(Stored entries)
◇ ◇ ◇ ◇ ◇ ◇ ◇
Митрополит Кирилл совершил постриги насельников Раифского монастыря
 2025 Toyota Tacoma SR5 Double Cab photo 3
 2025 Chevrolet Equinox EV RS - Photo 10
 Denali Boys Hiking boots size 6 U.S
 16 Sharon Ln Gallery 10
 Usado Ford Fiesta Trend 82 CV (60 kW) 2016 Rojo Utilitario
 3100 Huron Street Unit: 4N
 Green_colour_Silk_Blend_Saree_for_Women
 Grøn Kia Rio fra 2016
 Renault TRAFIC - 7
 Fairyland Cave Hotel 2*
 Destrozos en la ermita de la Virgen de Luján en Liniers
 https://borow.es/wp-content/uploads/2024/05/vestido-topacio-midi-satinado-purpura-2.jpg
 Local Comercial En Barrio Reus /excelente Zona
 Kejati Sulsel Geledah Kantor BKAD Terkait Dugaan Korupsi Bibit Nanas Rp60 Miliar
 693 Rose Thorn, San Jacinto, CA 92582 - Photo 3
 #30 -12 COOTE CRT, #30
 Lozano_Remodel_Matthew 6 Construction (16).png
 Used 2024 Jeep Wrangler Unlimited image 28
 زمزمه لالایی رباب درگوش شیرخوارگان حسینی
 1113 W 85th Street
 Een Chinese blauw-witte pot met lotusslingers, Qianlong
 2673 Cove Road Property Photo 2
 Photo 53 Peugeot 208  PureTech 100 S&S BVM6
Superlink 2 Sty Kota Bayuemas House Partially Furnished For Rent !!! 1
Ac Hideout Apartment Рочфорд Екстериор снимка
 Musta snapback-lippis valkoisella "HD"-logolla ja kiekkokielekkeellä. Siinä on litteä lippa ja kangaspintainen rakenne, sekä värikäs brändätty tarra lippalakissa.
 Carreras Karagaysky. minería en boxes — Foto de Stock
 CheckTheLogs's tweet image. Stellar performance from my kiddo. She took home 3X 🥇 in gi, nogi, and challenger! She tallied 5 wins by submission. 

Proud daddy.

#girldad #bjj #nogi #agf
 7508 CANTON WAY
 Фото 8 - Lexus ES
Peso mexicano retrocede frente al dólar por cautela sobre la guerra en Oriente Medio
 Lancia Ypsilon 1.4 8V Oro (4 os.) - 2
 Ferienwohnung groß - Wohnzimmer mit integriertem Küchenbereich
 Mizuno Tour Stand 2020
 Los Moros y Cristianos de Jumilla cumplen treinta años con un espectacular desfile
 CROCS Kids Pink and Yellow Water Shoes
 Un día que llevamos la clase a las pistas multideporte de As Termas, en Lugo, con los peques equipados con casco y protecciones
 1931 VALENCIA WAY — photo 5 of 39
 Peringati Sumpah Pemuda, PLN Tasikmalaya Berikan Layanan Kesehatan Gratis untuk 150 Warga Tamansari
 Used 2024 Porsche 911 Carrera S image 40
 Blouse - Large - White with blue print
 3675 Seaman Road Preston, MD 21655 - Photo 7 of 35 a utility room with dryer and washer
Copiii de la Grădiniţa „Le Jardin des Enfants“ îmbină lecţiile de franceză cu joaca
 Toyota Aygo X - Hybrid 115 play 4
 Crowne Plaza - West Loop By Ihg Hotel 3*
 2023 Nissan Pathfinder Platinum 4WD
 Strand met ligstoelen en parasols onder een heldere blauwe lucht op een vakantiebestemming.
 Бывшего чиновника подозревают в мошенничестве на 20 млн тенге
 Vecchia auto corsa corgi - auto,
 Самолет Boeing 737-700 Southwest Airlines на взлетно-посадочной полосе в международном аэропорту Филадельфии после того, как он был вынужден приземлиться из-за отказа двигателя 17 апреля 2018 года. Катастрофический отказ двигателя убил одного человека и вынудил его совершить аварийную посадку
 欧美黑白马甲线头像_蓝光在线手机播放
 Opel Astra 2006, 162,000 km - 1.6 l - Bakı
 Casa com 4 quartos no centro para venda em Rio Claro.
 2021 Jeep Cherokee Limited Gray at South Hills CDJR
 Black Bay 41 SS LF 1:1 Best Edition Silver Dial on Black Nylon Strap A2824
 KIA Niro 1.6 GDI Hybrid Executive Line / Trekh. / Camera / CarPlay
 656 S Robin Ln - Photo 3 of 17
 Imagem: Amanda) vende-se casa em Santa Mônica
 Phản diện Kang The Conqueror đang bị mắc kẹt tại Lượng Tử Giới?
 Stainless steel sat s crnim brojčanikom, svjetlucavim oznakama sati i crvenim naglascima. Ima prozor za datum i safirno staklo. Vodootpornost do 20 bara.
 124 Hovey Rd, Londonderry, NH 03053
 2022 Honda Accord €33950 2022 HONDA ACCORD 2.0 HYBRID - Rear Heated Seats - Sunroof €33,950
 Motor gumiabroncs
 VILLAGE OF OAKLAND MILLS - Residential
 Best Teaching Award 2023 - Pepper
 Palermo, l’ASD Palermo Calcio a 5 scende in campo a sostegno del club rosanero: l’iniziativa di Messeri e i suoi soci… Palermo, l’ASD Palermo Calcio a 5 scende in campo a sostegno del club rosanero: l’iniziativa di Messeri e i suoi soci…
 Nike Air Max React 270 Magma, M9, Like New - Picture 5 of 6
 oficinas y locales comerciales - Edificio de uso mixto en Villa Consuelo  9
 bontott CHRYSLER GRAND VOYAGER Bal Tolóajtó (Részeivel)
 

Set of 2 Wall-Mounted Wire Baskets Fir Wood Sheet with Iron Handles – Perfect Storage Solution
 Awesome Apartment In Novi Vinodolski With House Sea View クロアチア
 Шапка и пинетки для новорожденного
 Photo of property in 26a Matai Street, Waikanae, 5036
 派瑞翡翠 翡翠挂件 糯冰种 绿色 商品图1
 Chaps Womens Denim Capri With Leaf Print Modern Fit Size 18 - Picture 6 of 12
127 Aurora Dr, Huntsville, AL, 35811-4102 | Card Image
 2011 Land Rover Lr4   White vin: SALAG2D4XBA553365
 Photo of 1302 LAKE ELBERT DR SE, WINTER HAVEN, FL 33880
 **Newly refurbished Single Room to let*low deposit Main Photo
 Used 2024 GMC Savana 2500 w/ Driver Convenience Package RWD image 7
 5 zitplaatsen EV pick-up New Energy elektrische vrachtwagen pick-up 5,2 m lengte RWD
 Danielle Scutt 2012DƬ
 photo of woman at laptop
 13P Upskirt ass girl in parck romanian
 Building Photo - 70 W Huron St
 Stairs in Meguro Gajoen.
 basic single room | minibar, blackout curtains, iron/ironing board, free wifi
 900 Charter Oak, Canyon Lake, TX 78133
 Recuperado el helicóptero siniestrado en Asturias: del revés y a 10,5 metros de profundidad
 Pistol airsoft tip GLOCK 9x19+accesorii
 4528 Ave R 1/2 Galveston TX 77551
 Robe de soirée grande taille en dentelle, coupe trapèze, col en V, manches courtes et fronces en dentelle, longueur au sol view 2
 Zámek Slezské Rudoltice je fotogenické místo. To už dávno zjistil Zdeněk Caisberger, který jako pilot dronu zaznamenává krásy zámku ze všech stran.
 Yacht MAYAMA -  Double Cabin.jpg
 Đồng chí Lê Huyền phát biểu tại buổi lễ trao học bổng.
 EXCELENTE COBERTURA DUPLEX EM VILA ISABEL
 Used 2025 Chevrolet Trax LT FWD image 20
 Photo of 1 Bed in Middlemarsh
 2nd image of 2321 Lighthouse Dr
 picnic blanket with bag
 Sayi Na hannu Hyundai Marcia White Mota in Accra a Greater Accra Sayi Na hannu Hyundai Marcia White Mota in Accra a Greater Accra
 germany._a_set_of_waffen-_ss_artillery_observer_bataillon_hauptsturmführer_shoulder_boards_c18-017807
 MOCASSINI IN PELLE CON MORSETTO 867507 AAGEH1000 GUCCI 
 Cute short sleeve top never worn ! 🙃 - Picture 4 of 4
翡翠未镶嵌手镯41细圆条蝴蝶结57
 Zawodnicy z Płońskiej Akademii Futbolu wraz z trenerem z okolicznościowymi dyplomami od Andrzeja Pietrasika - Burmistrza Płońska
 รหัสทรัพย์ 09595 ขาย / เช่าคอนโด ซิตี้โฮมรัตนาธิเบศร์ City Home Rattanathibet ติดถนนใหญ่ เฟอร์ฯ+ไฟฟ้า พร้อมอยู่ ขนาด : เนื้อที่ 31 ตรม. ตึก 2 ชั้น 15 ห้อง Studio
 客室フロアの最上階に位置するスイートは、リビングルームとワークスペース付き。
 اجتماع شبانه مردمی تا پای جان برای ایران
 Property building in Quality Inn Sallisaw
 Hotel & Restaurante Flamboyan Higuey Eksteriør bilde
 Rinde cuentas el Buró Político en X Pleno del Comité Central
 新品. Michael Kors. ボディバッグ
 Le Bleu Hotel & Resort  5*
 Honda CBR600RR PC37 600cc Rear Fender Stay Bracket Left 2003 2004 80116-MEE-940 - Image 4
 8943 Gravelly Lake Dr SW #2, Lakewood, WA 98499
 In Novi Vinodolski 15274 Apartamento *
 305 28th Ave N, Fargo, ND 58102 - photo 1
◇ ◇ ◇ ◇ ◇ ◇ ◇
Exercise brief:
Look above for the line with "Usado Ford Fiesta" and the line with "1113 W 85th Street". Retype those two lines and every line between them exactly, adding nothing.

Answer area:
 Usado Ford Fiesta Trend 82 CV (60 kW) 2016 Rojo Utilitario
 3100 Huron Street Unit: 4N
 Green_colour_Silk_Blend_Saree_for_Women
 Grøn Kia Rio fra 2016
 Renault TRAFIC - 7
 Fairyland Cave Hotel 2*
 Destrozos en la ermita de la Virgen de Luján en Liniers
 https://borow.es/wp-content/uploads/2024/05/vestido-topacio-midi-satinado-purpura-2.jpg
 Local Comercial En Barrio Reus /excelente Zona
 Kejati Sulsel Geledah Kantor BKAD Terkait Dugaan Korupsi Bibit Nanas Rp60 Miliar
 693 Rose Thorn, San Jacinto, CA 92582 - Photo 3
 #30 -12 COOTE CRT, #30
 Lozano_Remodel_Matthew 6 Construction (16).png
 Used 2024 Jeep Wrangler Unlimited image 28
 زمزمه لالایی رباب درگوش شیرخوارگان حسینی
 1113 W 85th Street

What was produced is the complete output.